Le programme reposera sur trois piliers: un plan d'ajustement budgétaire ambitieux ; des réformes structurelles visant à restaurer la compétitivité de l'économie portugaise accompagnées d'un programme de privatisations; des mesures pour assurer la liquidité et la solvabilité du secteur financier.
«Les préparatifs vont débuter immédiatement pour parvenir à un accord inter-partis permettant que le programme d'ajustement soit adopté à la mi-mai et mis en oeuvre de manière rapide après la formation d'un nouveau gouvernement», est-il indiqué dans un communiqué des ministres des Finances de la zone euro.
Le Premier ministre portugais José Socrates a présenté fin mars la démission de son gouvernement à la suite du rejet par le parlement d'un nouveau plan d'austérité destiné à permettre au pays de remplir son objectif d'un déficit public de 4,6% du PIB en 2011.
Des élections législatives sont prévues le 5 juin mais des échéances de refinancement importantes en avril et juin, ainsi que la pression des banques nationales, ont finalement convaincu le gouvernement en affaires courantes à demander une aide à l'UE et au Fonds monétaire international.
Le pays, qui avait résisté plusieurs mois aux pressions des marchés financiers et de certains de ses partenaires européens, est ainsi devenu le troisième pays de la zone euro après la Grèce et l'Irlande à faire appel à un tel soutien.

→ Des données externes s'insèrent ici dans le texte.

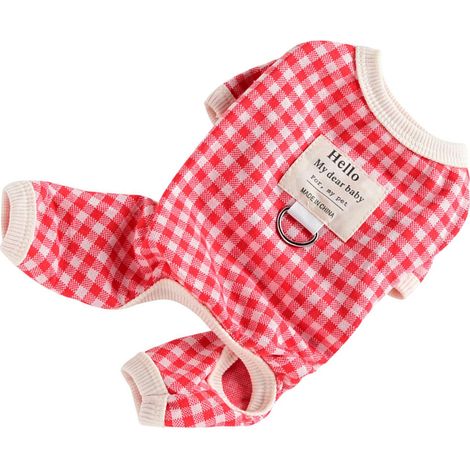 Ensemble de vêtements pour chien à carreaux, vêtements doux et respirants pour animaux de compagnie, tenue pour chiot à quatre pattes avec laisse po (1/5)
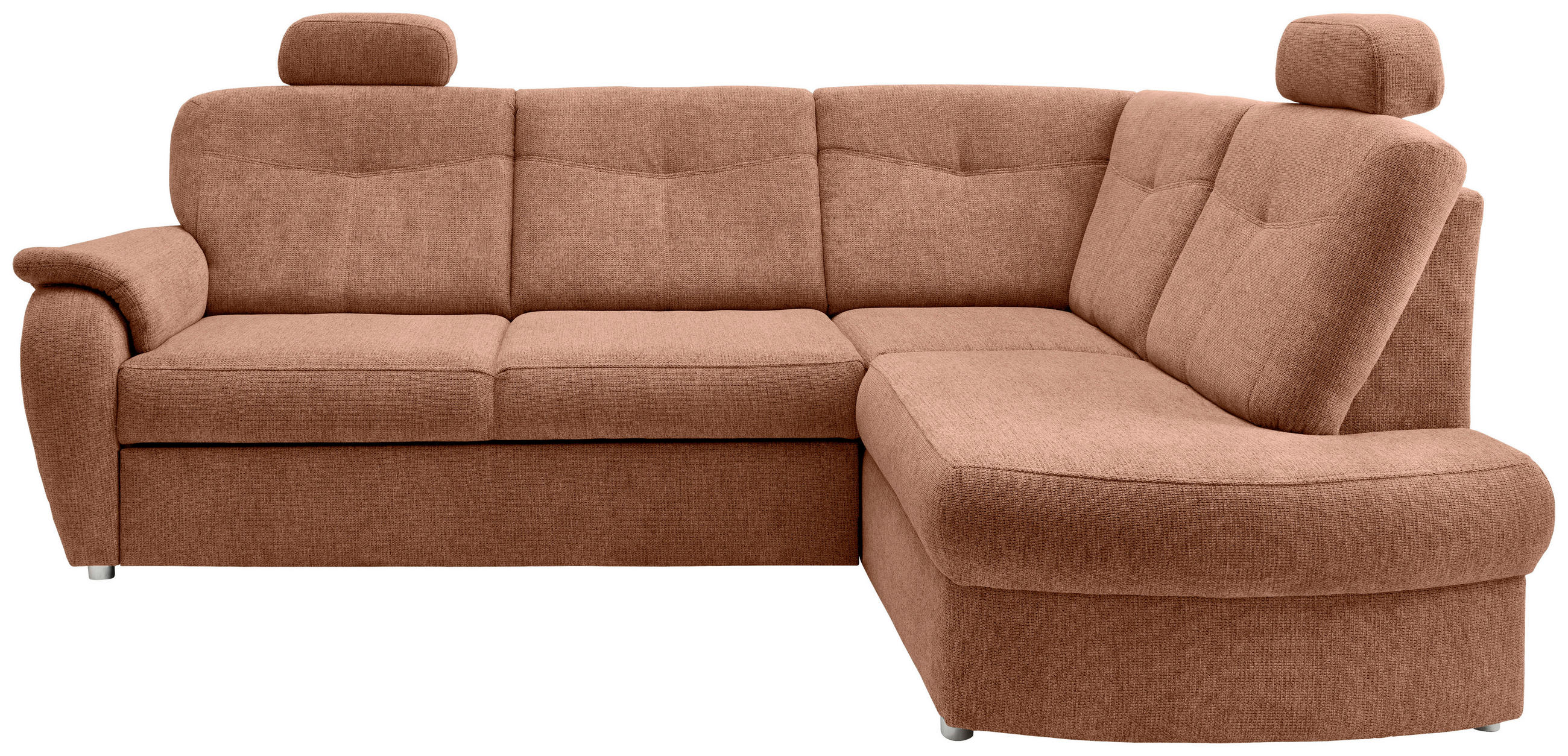 ECKSCHLAFSOFA Chenille Koralle  - Chromfarben/Koralle, MODERN, Kunststoff/Textil (264/180cm) - Livetastic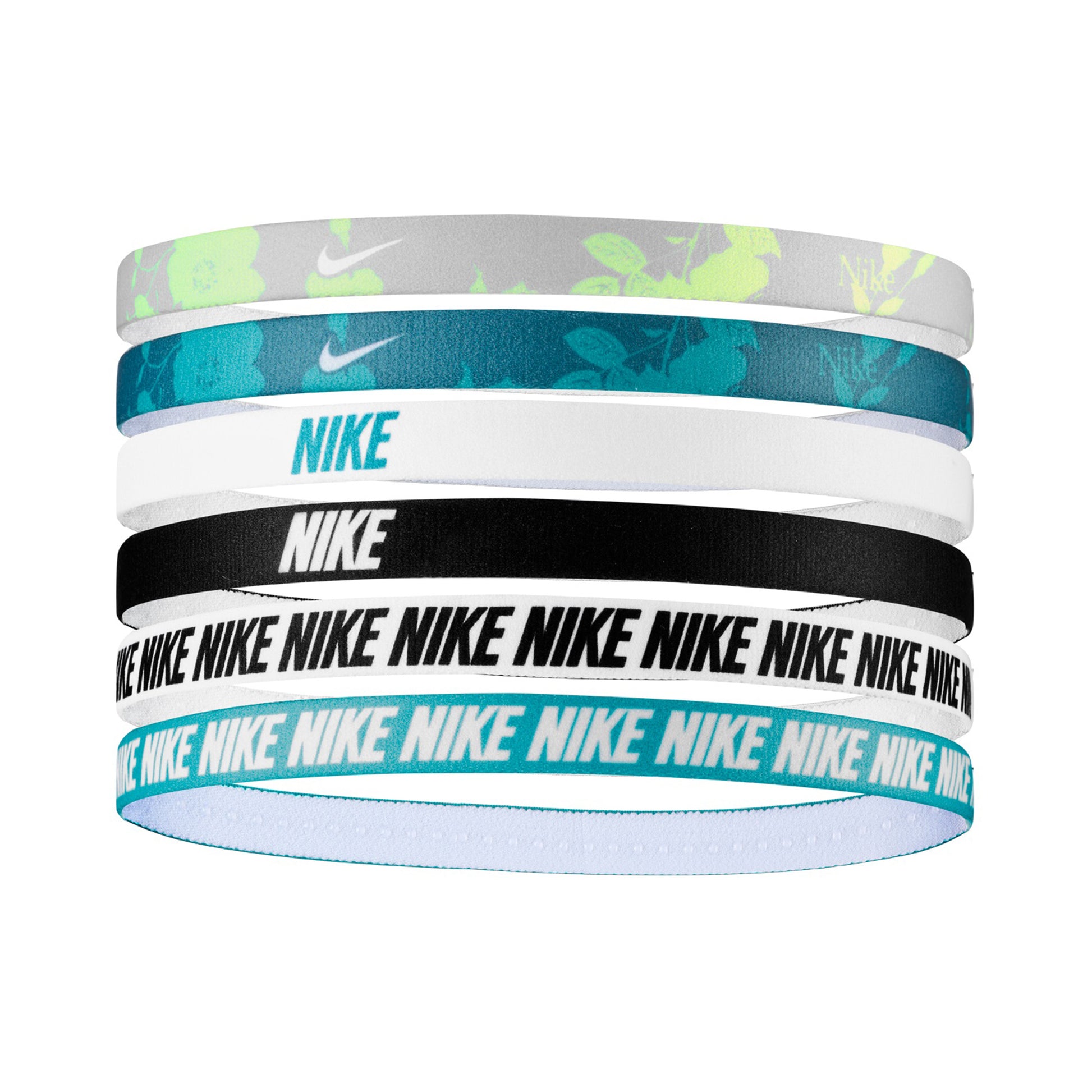 Nike Nike Flex Classic Printed Haarband Verpakking 6 Stuks-Geel,Groen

Le directeur général du Fonds européen de stabilité financière (FESF), Klaus Regling, a indiqué que tout risque de contagion avec d'autres économies fragiles de la zone euro, en particulier celle de l'Espagne, était désormais exclu.
«La vue qui prédomine est que nous avons maintenant isolé les trois économies les plus faibles de la zone euro. Le marché obligataire espagnol n'a pas été affecté (par la demande d'aide portugaise)», a-t-il dit.
«Il y a une claire différence. Pour la dette espagnole, il y a un vrai marché. Il y a des achats et des ventes. Le risque de contagion est très en deça de ce qu'il était il y a six ou neuf mois», a-t-il continué.
Si les ministres ont loué les efforts de Madrid pour réformer son économie et remettre de l'ordre dans ses finances publiques, les marchés semblent eux aussi convaincus.